Yeah, you’re right. I didn’t treat Peter right. I haven’t heard from him and I haven’t contacted him, either. Probably a bit late now. It’s been a week. I’ll remember to be better next time.
This week has been a struggle for me. Tonight I am going ahead with my 90 min massage even though I’m out of insurance benefits and will have to cover the whole cost myself. Then I’m going to Centered Singles Jolly Java meeting. A Christian get-together sponsored by Center Street Church. Many of my friends from Calgary Christian Singles are also members of Centered Singles. Don’t know if anyone I know is going tonight or not, but doesn’t matter. Chance for me to meet new people.
So…… job update…..
Option 1: Had the interview I wanted Wednesday. The project manager is super nice. He said he hires for attitude over skills (which is what I figured from talking with him over the phone) – meaning he’ll hire people good to work with and it should be a good project. Interview went well. He said he needed me yesterday. HOWEVER….. the position he wants to put me in isn’t funded till a couple months from now. I didn’t quite understand if it would be funded end of March or September. Anyway……. Hal said he needs the position moved up and if he can move it up, he’ll hire me. So Hal would hire me, just got to get a time frame. I MIGHT…. MIGHT have some temporary work that could fill in the gap. Hal said he would have a conversation with the powers that be on his job yesterday and see what he could do. I was to call him today about it. I did, but he didn’t answer. I’ll call him first thing Monday morning. Still waiting.
Option 2: Joe, my Worley manager, is having a conversation with Ken, Keyera lead, Tuesday about some contract work Keyera wants Worley to do and I have the skills to do it and would 90% get the position if the contract goes through. I understand my conversation with Ken a week ago spawned a phone call with Joe and Ken will be meeting with Joe for a second conversation in Feb for additional contract work. But Joe said those contract(s) won’t be in place till end of Feb at the earliest, if he can get Worley to agree with the contract. The Worley people in Calgary are all about money, money, money and don’t particularly care about their employees or their clients. Joe may have problems getting Worley to agree to a smaller contract that doesn’t bring in big bucks. Still waiting.

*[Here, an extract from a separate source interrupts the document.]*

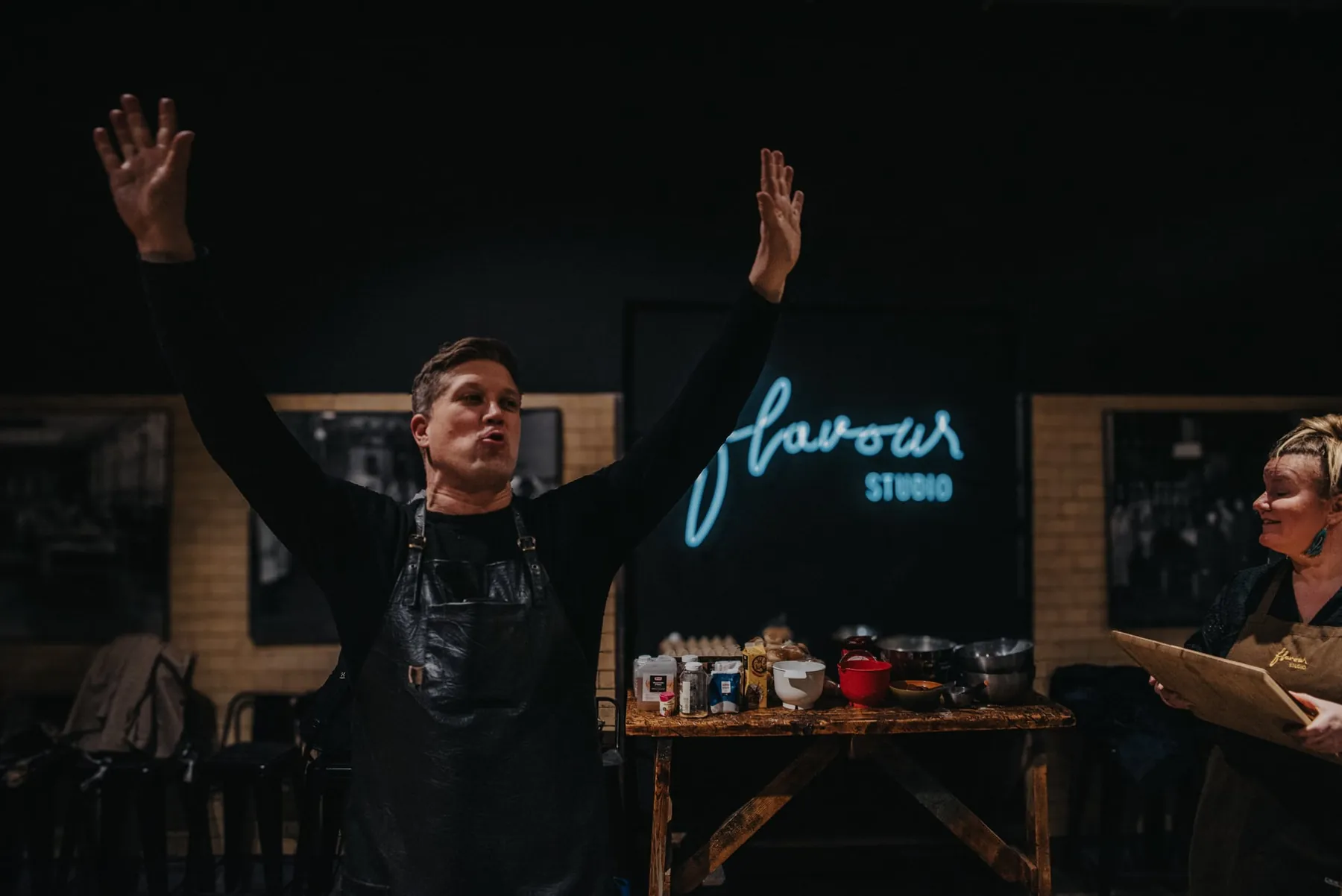 A chef with his arms up in front of the neon.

Option 3: I’ve worked for many years with the lady that oversees all the turnover database work globally for Worley. She and I both report to the same lead in Houston. She called me saying there’s an immediate position in Louisiana and some upcoming options in Texas. She also needs someone to travel globally (New Zealand, Australia, where else did she say) to train. That’s what I joined her team to do two years ago then it all fell apart. Those positions would mean I would lose my Canadian permanent residency and my dual citizenship. She indicated she could wait on the travel training till I got my citizenship, but that won’t be till next October. On hold.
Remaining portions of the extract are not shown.